Pelican’s highest-level of abstraction is its command-line interface, which you would typically use as follows:

$ pelican content output -s pelicanconf.py

This would read all articles and pages in the content directory, convert them to HTML, render web pages with the relevant Jinja templates, and write the resulting static website to the output directory.

The rough flow to achieve this is as follows:

Instantiate a list of Generators (which house all of the relevent Readers and a jinja Environment) and a Writer.
For each Generator:
- Call the generate_context method, which reads the input files, converts them to HTML, and adds the outputs to a context dictionary.
- Call the generate_output method, passing the Writer and context. This gets the relevant jinja Template from the Environment, renders it with the provided context, and writes the result to the final output directory.

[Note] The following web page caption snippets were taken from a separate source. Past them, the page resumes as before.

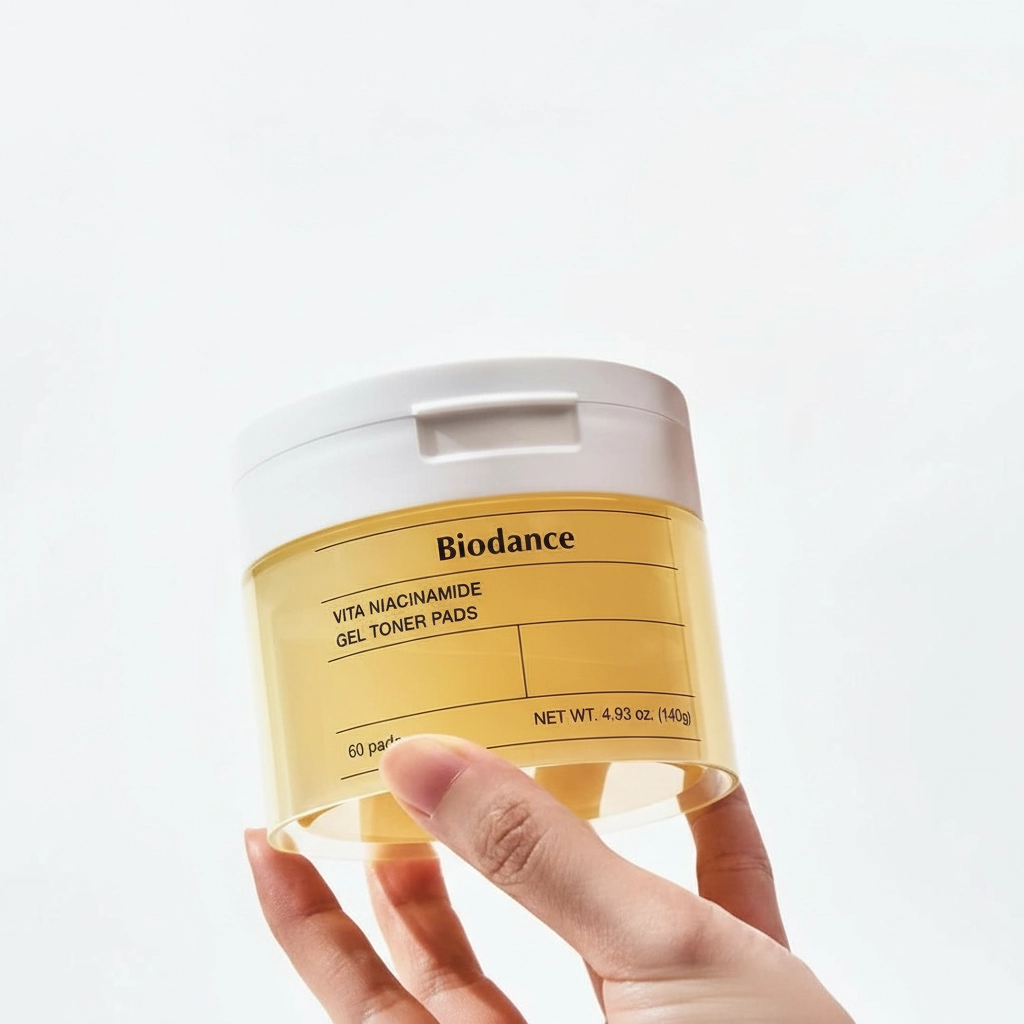Biodance Vita Niacinamide Gel Toner Pad
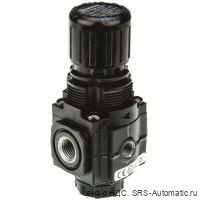 Norgren R72G-2GK-RMN Druckregler 1/4" Druckluft Betriebsdruck (max.) 20 bar - Norgren R72G-2GK-RMN Druckregler 1/4" Druckluft Betriebsdruck (max.) 20 bar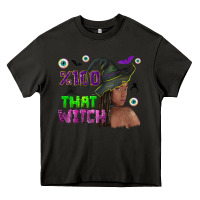 Asphalt 100 that witch Heavy Core Tee - NancyCooperArtShop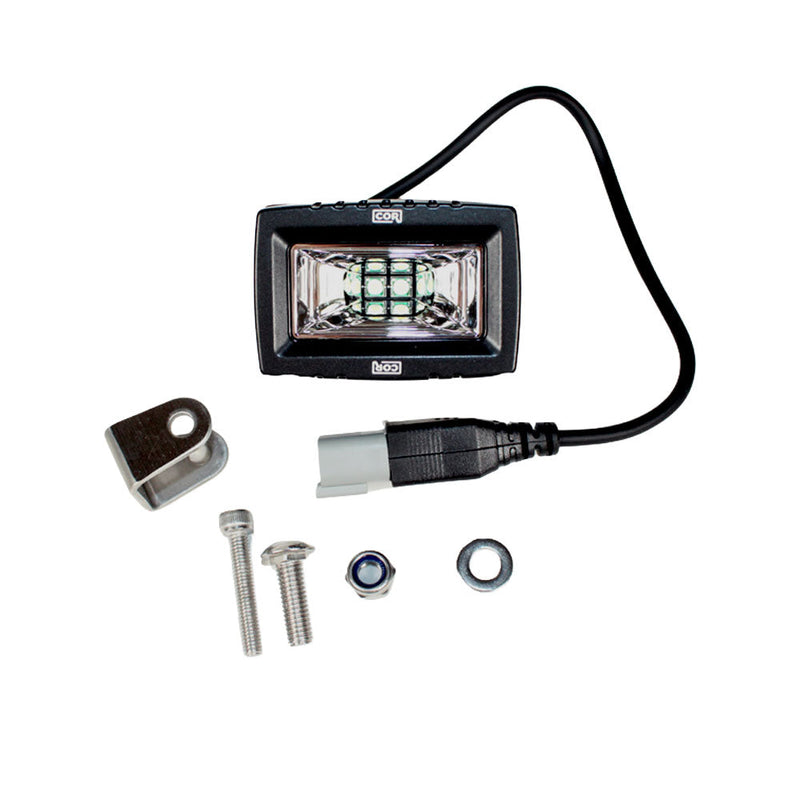 Load image into Gallery viewer, 2" x 1"- 40w LED Compact Pod Light, Spot Pattern, 2200 lm
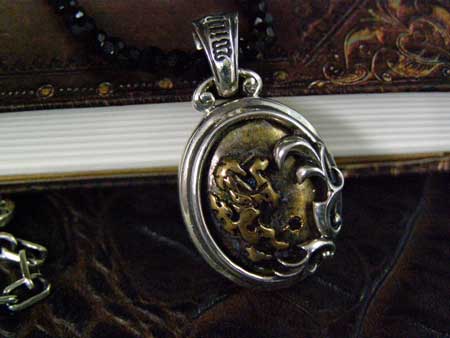 Rising Horse Emblem Pendant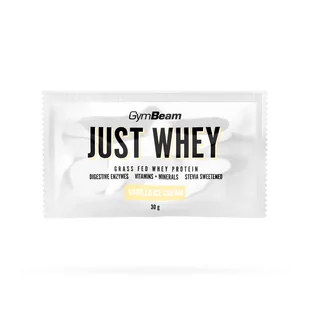 GymBeam Próbka Just Whey 30 g kokos biała czekolada - Odżywki białkowe - miniaturka - grafika 2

As you can see, Generators are responsible for glueing together the lower-level components: Reader, jinja Template, and Writer. In order to understand each of these components, we’ll reimplement the core logic of a Generator from scratch!

Setup

Start by setting root to the directory of your Pelican website. If you don’t yet have a website, follow Pelican’s informative documentation to get started:

from pathlib import Path

root = Path('..')

Now we can load our pelicanconf.py settings file. Pelican provides a function for this which handles details like applying defaults:

from pelican.settings import read_settings

settings = read_settings(root/'pelicanconf.py')

Let’s create a quick blog post for testing. I prefer to write more technical blog posts in Jupyter notebooks but we’ll use markdown here since Pelican supports it natively.

post_filepath = root/'content/2022-06-20-hello-pelican.md'

%%writefile {post_filepath}
Title: Hello Pelican
Slug: hello-pelican
Author: Wasim Lorgat
Date: 2022-06-20
Tags: python, pelican
Category: python

## Welcome

Hello and welcome to our markdown blog post!

Writing ../content/2022-06-20-hello-pelican.md

`Reader`

We’ll start by instantiating a MarkdownReader to read our blog post. We’re using a MarkdownReader because we wrote the post in markdown, but Pelican also provides HTMLReader and RstReader if you prefer those formats.

from pelican.readers import MarkdownReader

reader = MarkdownReader(settings)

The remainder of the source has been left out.